No idea of runtimes; delete what you need



> Random thoughts for my playlist:
> 
> Please no Mahler


Okay, but Symphony No. 1 by either Bernstein or Haitink is worth checking out some other day



> I think a Beethoven piano sonata could be nice


No. 21 "Waldstein" (Hungerford, Kikuchi, or Bavouzet)



> I don't know a lot of Bach's music. Surprise me with something short or an excerpt of a longer work


Well-Tempered Clavier: Prelude and Fugue #2 (Sviatoslav Richter, either Book)



> Give me something to convince me that Wagner is "all that"


A sample from Die Walkure: "Schlafst du, Gast?" (Solti, Vienna Philharmonic)

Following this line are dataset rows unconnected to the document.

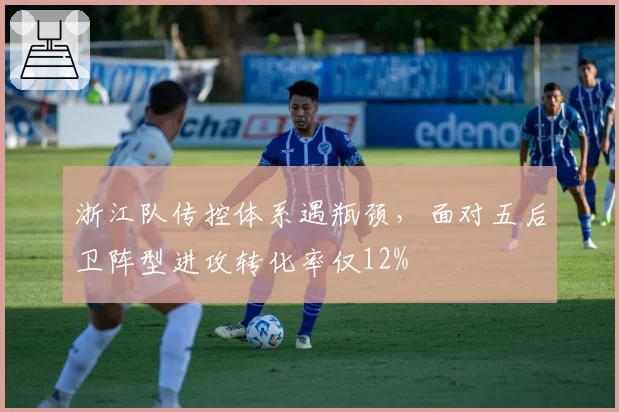 浙江队传控体系遇瓶颈，面对五后卫阵型进攻转化率仅12%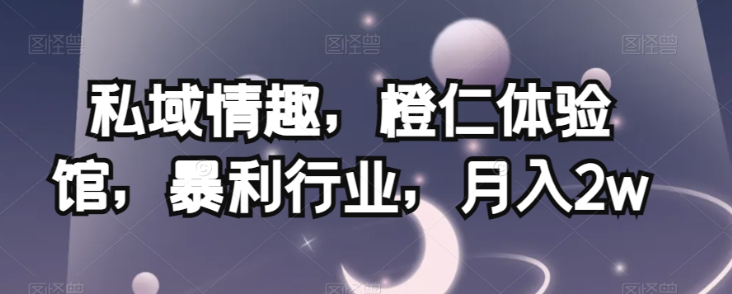 私域情趣，橙仁体验馆，暴利行业，月入2w【揭秘】-铭创资源库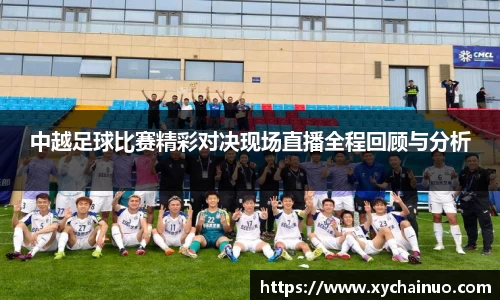 中越足球比赛精彩对决现场直播全程回顾与分析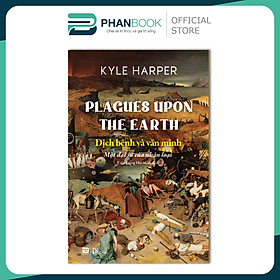 Dịch Bệnh Và Văn Minh - Kyle Harper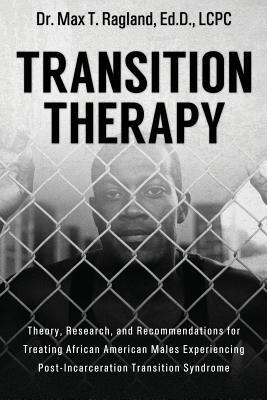 Transition Therapy: : Theory, Research, and Recommendations for Treating African American Males Experiencing Post-Incarceration Transition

> I love Prokofiev. If there is a Prokofiev recording you are passionate about, I'd love to hear it!


Romeo and Juliet (Riccardo Muti, Philadelphia Orchestra, mostly for Dance of the Knights)



> French stuff is welcome


Saint-Saens: Morceau de concert, Op. 94 (Peter Damm, Siegfried Kurz, Dresden Staatskapelle)



> Lesser heard mid-century American stuff: William Schumann, obscure Copland, obscure Samuel Barber, Howard Hanson


Hanson Symphony No. 1 (Schwarz, Seattle Symphony)



> Somebody with a golden voice or tone that would make angels weep and attention-deficit-toddlers stand in a trance


Bizet's Carmen: Habanera (Teresa Berganza, Claudio Abbado, London Symphony Orchestra)


----------